Het idee voor de woonladder komt voort uit het manifest Iedereen Onderdak , dat PvdA Tweede-Kamerlid Co Verdaas eind 2003 met andere betrokkenen opstelde. De Woonladder , gesteund door Jelleke Veenendaal (VVD) en Mirjam Sterk (CDA), richt zich op de onderste treden van de woningmarkt. Het plan moet het gat vullen tussen de straat en het reguliere rijtjeshuis, vanuit de overtuiging dat niet iedereen in een normale woning kan en wil wonen.

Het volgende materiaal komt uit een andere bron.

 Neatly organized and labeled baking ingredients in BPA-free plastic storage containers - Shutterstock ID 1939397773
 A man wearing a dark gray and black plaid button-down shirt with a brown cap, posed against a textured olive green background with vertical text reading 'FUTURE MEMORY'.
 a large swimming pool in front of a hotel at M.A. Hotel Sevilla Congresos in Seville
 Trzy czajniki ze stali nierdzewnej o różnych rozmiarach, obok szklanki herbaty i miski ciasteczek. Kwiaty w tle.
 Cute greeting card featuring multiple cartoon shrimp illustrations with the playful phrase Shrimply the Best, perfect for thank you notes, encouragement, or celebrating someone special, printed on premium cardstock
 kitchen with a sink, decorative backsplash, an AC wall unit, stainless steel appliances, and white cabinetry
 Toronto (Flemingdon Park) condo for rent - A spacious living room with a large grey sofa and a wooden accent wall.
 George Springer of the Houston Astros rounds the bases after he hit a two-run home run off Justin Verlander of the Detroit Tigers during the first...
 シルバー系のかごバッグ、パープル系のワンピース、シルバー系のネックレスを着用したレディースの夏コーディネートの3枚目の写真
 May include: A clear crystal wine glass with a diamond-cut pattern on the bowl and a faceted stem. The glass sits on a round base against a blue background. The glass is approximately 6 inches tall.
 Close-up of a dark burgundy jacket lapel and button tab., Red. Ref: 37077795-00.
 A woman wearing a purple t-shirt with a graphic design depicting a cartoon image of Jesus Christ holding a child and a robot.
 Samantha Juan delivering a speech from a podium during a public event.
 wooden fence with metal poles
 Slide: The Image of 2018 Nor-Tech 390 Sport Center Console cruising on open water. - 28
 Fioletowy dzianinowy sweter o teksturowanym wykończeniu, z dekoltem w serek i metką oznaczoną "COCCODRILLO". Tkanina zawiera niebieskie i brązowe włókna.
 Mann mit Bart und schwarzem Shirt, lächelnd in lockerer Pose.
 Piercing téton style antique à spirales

Zo is voor dak- en thuislozen de afstand tussen de straat en een gewone woning vaak te groot. Het enige alternatief voor zogeheten overlastveroorzakers mét woning is huisuitzetting. Dit is een zware sanctie, die pas in uiterste gevallen wordt toegepast. In dergelijke gevallen heeft een buurt dus al langdurig en ernstig overlast ondervonden. Als uiteindelijk tot uitzetting wordt overgegaan is de eventuele dakloosheid die daarop volgt evenmin een duurzame oplossing, dan is er eerder sprake van het verplaatsen van het probleem.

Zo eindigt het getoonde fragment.